# November '09 Photo Challenge - "Tranquility"



## Chris of Arabia (Nov 2, 2009)

Hi everyone, 

Thanks to those who took part in the October challenge, let's see how the vote goes this time.

The Photo Challenge this month is on the theme of "Homicidal Somnambulism"


Oh! Err.... actually, it's *"Tranquility"*

*EDIT: Prizes, we have prizes. To the winner of the vote will go a $25.00 Amazon voucher courtesy of the TPF owners.*

For all those who wish to participate in this challenge please take a moment to read through the following: 


 The deadline for submissions is 30 November 2009
 The image can be no larger then *150KB**
 *Include your forum username* when submitting
 The attached photo must be in the form of a *.jpg*
 Please *keep your photo anonymous* (no distinguishing watermarks, and no photos that have been posted previously on the forum)
 Submit *no more than one photo*
 If you wish you may include a title when submitting your photo (please ensure that the attached photo is renamed as the chosen title)
 The *form must also be included* when submitting the photo
*Despite what the FAQs indicate, confirmation emails will not be issued.*
 The forum Admins and Moderators reserve the right to exclude or remove any photo solely at their discretion
 The forum Admins and Moderators reserve the right to decide the winner of the photo challenge
 All submitted photos will be posted, along with a poll, in a new thread within the first week of the following month
 Once created, *the voting poll will last for 14 days* before it closes automatically
 
>>>>>>>>>> Copy and Paste this into your submission email <<<<<<<<<<

*ThePhotoForum.com Username:*

**Photo Title (optional):*

*Is the attached photo 150KB or less? Y/N*

*Is the attached photo a jpeg? Y/N*

*Has this photo been posted before? Y/N*

*Please submit only one photo per challenge.*

*Please enter your email subject as "November '09 Challenge Submission"*

*Please ensure that the attached photo is named the title you wish it to have otherwise the title will not be used.
.................................................. .................................................. ...

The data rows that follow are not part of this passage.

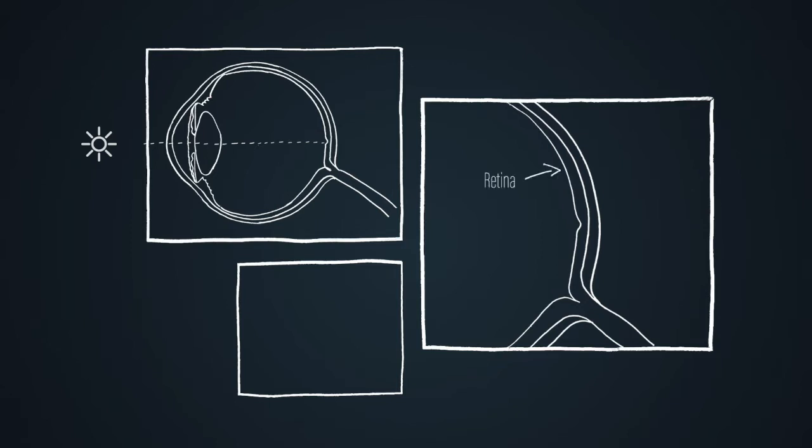The point of best focus is called the fovea and it is where the best image is obtained. The retina converts the light into an electrical signal which travels down the optic nerve.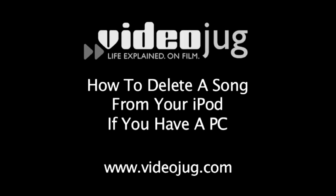How to delete a song from your iPod if you have a PC. Hello and welcome to VideoJug.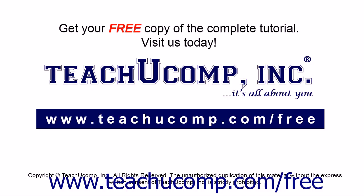Get your free copy of the complete tutorial at www.teachucomp.com/free.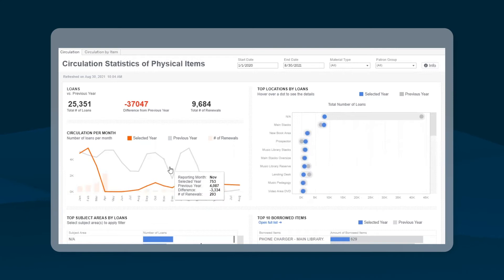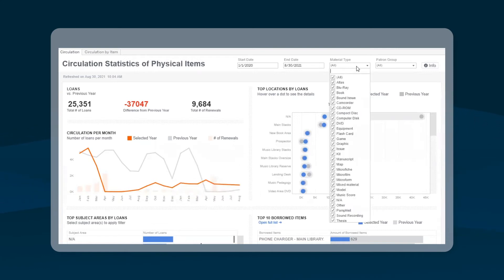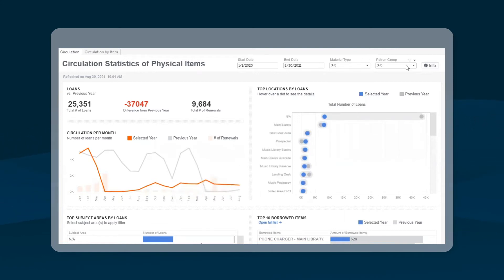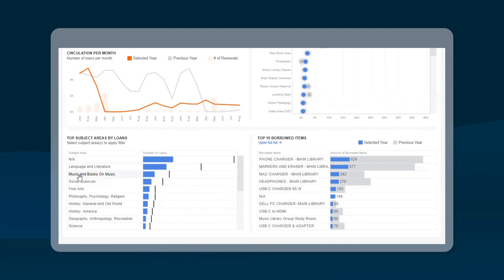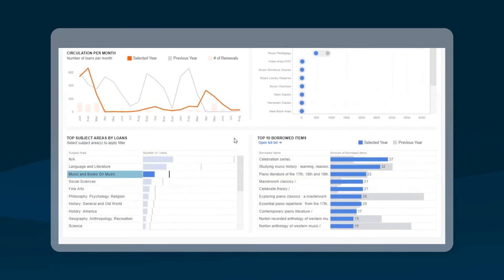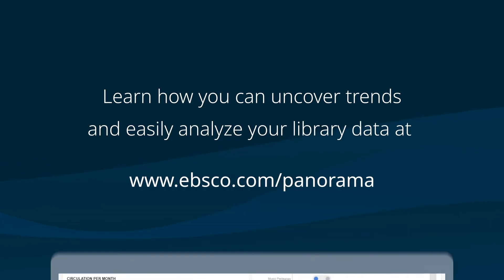The platform allows you to interact directly with the data within the dashboard. As you can see, by clicking directly on the subject area of music, a librarian can immediately see music books are a top borrowed item. This kind of self-discovery allows librarians to quickly uncover trends and insights.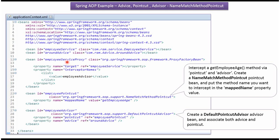Here I have created a Bean for the ProxyFactoryBean class. It has two properties. The first one is Target, which I have referred to as EmployeeService. And for interceptorNames I have put EmployeeAdvisorBean. So EmployeeAdvisor will be applied to the methods in the EmployeeServiceBean — meaning AroundAdvice should be applied only to the PointCut method GetEmployeeAge.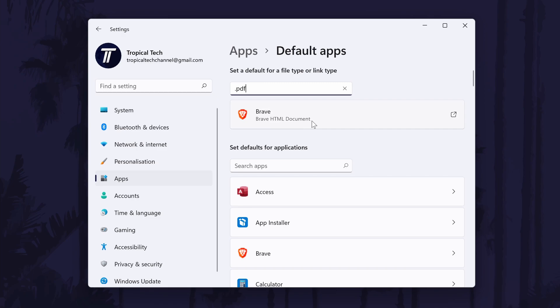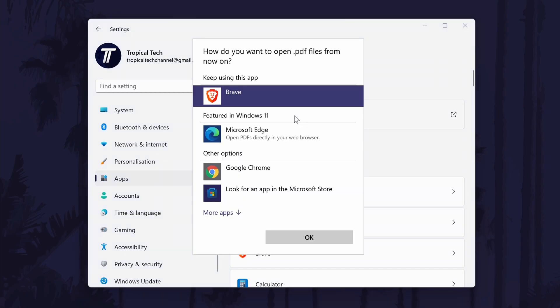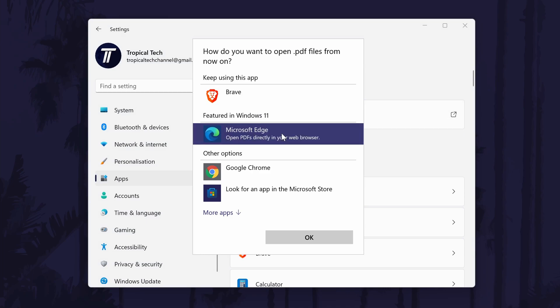To change the default app, click once on the search result and then make sure the new window says how do you want to open .pdf files from now on. If it does, all you need to do is now choose your new PDF viewer app.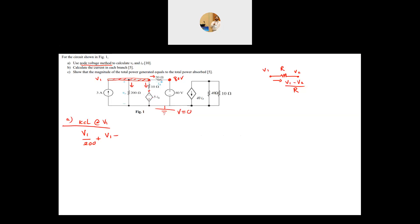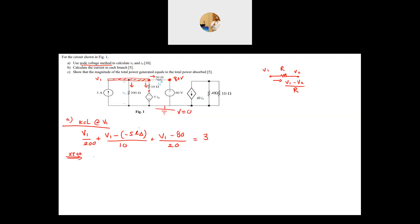The second current is V1 minus the dependent voltage source voltage. The voltage from that node to ground is minus 5·I_delta, because minus is at that terminal — so it is V1 minus (−5·I_delta), divided by 10. The third current is V1 minus 80, divided by 20. These three leaving currents equal the entering current source of 3 amps. We multiply the whole equation by the LCD of 200.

Please email your photo to photochallenge@thephotoforum.com and remember to enter the subject as indicated.

All photos must include the form when submitted. Just copy and paste it into your email. This will ensure that no mistakes are made when photos are submitted and therefore, hopefully, no photos are excluded. If the form is not included in the submission email the photo will not be included in the challenge gallery and voting process. 

There is more important information regarding rules and procedures located in the FAQ section. We highly recommend that you take the time to read these FAQs.

Good luck to everyone and have fun with this challenge!

**150KB* will be taken as the &#8220;size on disk&#8221; and not the actual file size. Also some email programs consider 1KB=1000Bytes as opposed to 1KB=1024Bytes. When these programs calculate attachment size they will often read larger than they actually are. To be safe we recommend a target size of about 140KB so that once sent it does not go over *150KB*.


----------



## Funky (Nov 2, 2009)

and there i was trying to decide how to set up a shot of a sleepwalking murderer....blah


----------



## Chris of Arabia (Nov 2, 2009)

So long as they're doing it in a tranquil manner, you may still be onto something...


----------



## gentry1242 (Nov 9, 2009)

Just wanted to confirm that you received my submission and that all the rules were met.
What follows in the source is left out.